## To do
Retype the whole listing verbatim and keep the pictures out of it.

BEGIN Data extract

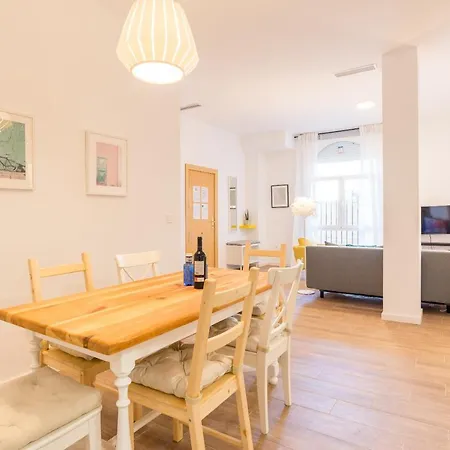 Malagasuite Center Life Apartment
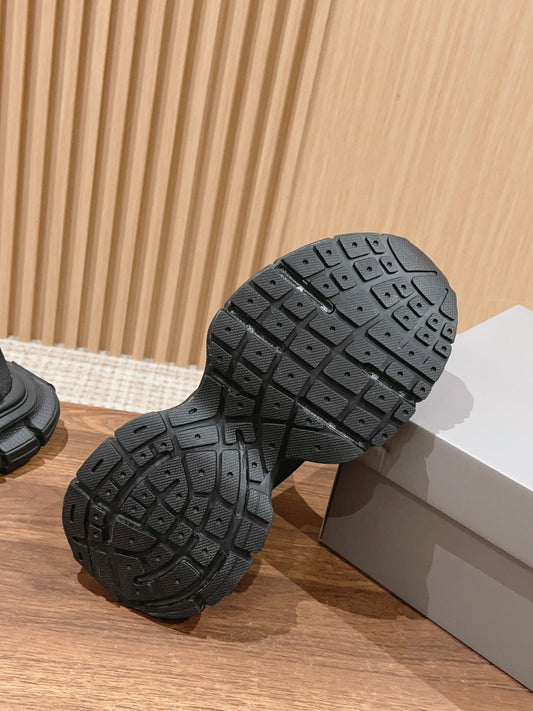 Pronta Entrega – Tênis Modelo Balenciaga Corrida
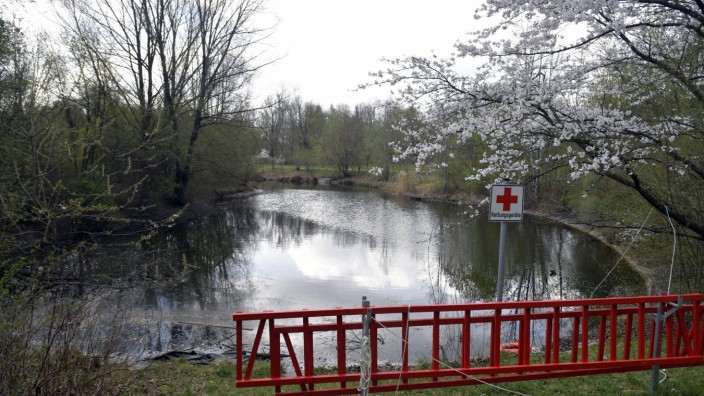 Sanierungsmaßnahme: Die Seen im Unterhachinger Sportpark wurden Anfang der Neunzigerjahre künstlich angelegt. Inzwischen ist die Folie am Grund undicht.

END Data extract

## Answer area
 Malagasuite Center Life Apartment
 Pronta Entrega – Tênis Modelo Balenciaga Corrida
 Sanierungsmaßnahme: Die Seen im Unterhachinger Sportpark wurden Anfang der Neunzigerjahre künstlich angelegt. Inzwischen ist die Folie am Grund undicht.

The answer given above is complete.